The future of the home mortgage
We've heard a lot about change over the past couple of years, and we've sure had a lot of it. Some of the biggest changes have been in the real estate markets, most of it not good, and most of it not done.
On Feb. 11 a report to congress was published by the Treasury and Department of Housing and Urban Development (HUD) regarding the country's mortgage system. The report, entitled "Reforming America's Housing Finance Market," discusses the nation's mortgage complex during the years leading up to the crash of 2008.
The major recommendation of the report is the winding down of Fannie Mae and Freddie Mac over a period of five years or more to be replaced by private mortgage markets. The recommendation was made in an effort to prevent taxpayers from having to bail out institutions such as Fannie and Freddie in the future.
Although Fannie Mae and Freddie Mac were initially supposed to support liquidity in the mortgage market so mortgage funds were more widely available, they went far afield of their charters. Since both companies were looking at lush profits, they kept pouring more and more liquidity into the system with less and less restrictions.

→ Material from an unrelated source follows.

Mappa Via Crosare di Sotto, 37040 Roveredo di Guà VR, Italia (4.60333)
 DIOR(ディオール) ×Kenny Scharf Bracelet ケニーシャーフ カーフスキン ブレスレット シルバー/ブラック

The larger issue is what if anything will replace Fannie Mae and Freddie Mac. Some of the suggestions involve no government role except for existing agencies like the Federal Housing Administration, or a plan that would be a government guarantee of private mortgage markets solely as a lender of last resort.

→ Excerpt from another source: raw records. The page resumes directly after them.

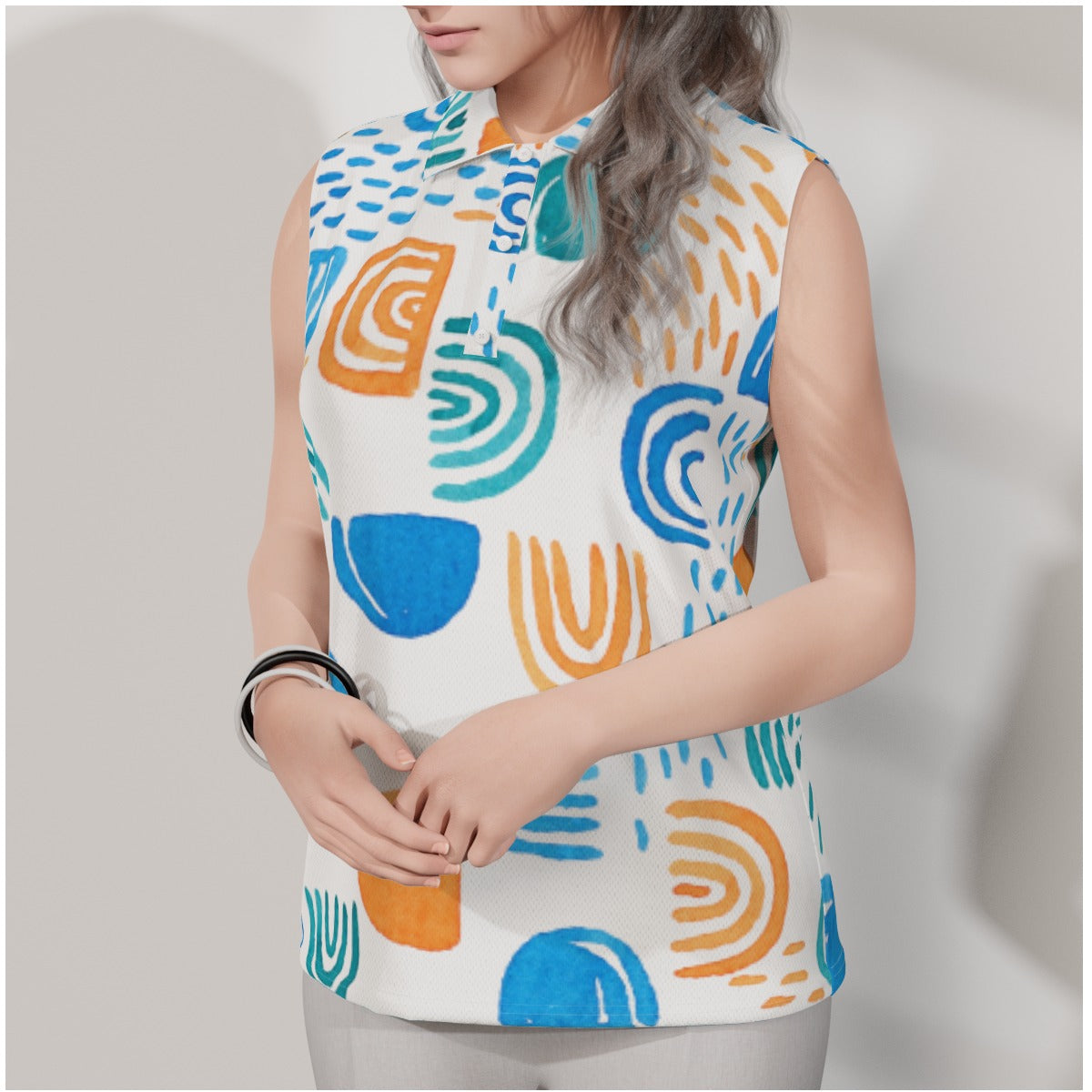 Dreamy Women's Sleeveless POLO Shirt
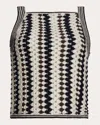 Eleven Six Women's Kerry Stripe Crochet Cotton Tank Top In Ivory/espresso/black
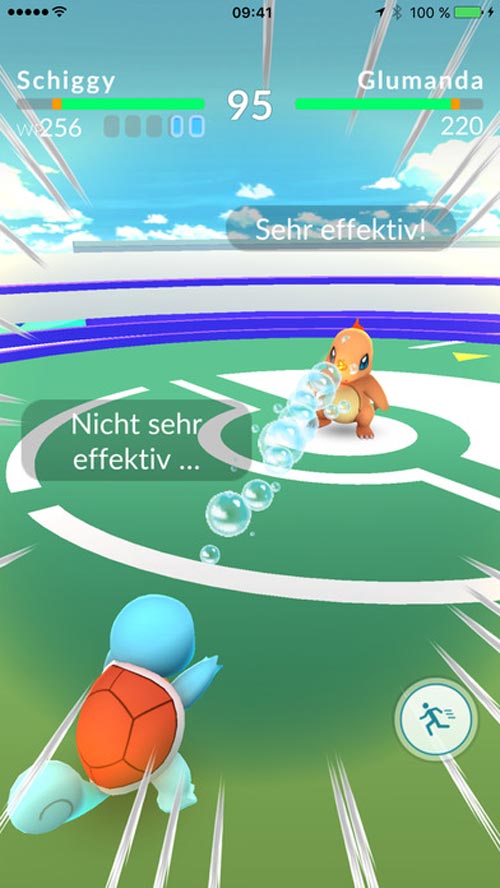 Pokémon Go Arena Kampf 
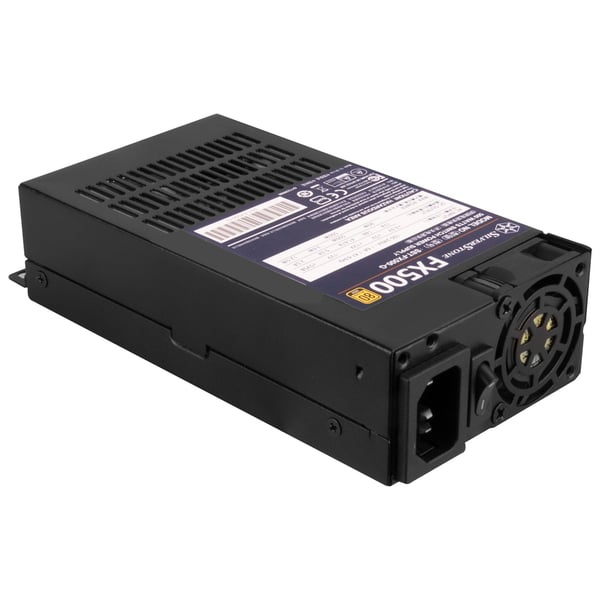 Silverstone FX500 strömförsörjningsenheter 500 W 20+4 pin ATX Flex ATX Svart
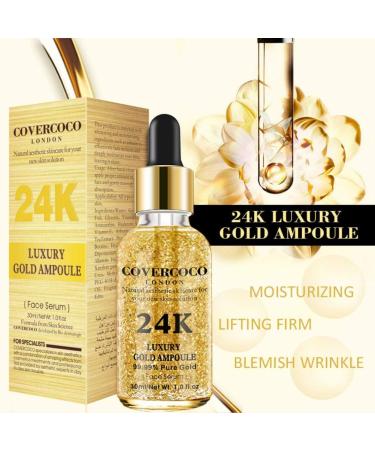 Allbesta 24k Gold Elixir Serum Moisturizing Firming Anti Aging Anti-Wrinkle Infused Essence Oil Drops for Face Makeup Skin Care - Buy Online on GoSupps.com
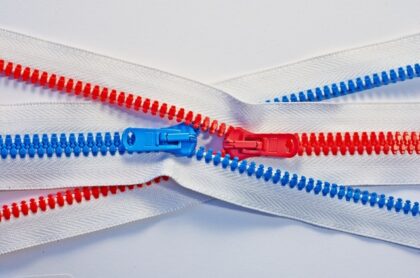 two sets of zippers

Either one of these would probably make home loans more expensive and even put in question traditional 30-year fixed rate mortgages, or at least make them much more expensive, in favor of adjustable-rate mortgages. Whatever happens, it will take a long time to iron out, continuing to keep the real estate market edgy at least for those who need financing.
However, when the mortgage markets are finally modified it should make for a much healthier industry. Buyers will be required to put more money down, have verifiable income and assets and properties would have to appraise at acceptable margins. If this can be accomplished, the end result could actually bring down the risk associated with providing mortgages resulting in mortgage costs declining. Less risk and costs to lenders would inevitably translate into savings and better rates to consumers.
For the short term, the Treasury Department and HUD have made several suggestions. One that could have an effect in our real estate market, is reducing the maximum size of mortgages purchased by Fannie and Freddie by more than $100,000 to $625,000 before the end of the year. They will also now require a 10 percent down payment for all loans, ending previous programs accepting minimal down payments, and the fees for government guarantee mortgages would increase.
There are already plenty of other ideas out there from the brainy bean counters with MBAs, and there will be plenty more before we see the final products. But the way it looks now is there will be a lot less government intervention in the mortgage markets, keeping taxpayer risk to a minimum.
When it comes to the financial situation of the country and particularly the real estate industry, the more things change the more they continue to change. Sometimes I wish it was 1955 again.